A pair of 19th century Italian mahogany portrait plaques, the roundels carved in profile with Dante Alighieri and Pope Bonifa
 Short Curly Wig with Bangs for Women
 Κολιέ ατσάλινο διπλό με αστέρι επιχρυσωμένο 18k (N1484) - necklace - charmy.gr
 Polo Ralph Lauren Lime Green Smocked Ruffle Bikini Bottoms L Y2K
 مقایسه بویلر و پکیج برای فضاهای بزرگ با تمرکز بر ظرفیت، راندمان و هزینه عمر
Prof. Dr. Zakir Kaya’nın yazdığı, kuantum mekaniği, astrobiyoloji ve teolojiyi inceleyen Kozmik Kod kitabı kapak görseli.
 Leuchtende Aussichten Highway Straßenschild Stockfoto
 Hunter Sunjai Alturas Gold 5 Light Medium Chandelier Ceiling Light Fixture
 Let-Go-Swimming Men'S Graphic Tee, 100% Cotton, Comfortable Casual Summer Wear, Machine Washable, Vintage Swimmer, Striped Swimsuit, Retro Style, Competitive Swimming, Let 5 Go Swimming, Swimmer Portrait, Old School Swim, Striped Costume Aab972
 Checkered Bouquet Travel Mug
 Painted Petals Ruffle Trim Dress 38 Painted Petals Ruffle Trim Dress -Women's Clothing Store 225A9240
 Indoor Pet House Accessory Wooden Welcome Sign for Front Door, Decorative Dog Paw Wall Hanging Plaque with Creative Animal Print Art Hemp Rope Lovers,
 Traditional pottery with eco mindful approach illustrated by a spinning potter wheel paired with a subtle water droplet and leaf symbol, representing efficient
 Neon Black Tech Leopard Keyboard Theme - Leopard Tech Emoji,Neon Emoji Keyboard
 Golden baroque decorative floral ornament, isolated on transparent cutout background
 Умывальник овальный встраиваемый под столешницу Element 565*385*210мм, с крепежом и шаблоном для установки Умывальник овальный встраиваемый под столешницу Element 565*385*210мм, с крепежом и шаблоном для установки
- - - - - - -
TASK DETAILS
Begin with the line above that has "Checkered Bouquet Travel Mug" and continue through the line that has "Neon Black Tech", setting each one down exactly. Stop there.

THE ANSWER
 Checkered Bouquet Travel Mug
 Painted Petals Ruffle Trim Dress 38 Painted Petals Ruffle Trim Dress -Women's Clothing Store 225A9240
 Indoor Pet House Accessory Wooden Welcome Sign for Front Door, Decorative Dog Paw Wall Hanging Plaque with Creative Animal Print Art Hemp Rope Lovers,
 Traditional pottery with eco mindful approach illustrated by a spinning potter wheel paired with a subtle water droplet and leaf symbol, representing efficient
 Neon Black Tech Leopard Keyboard Theme - Leopard Tech Emoji,Neon Emoji Keyboard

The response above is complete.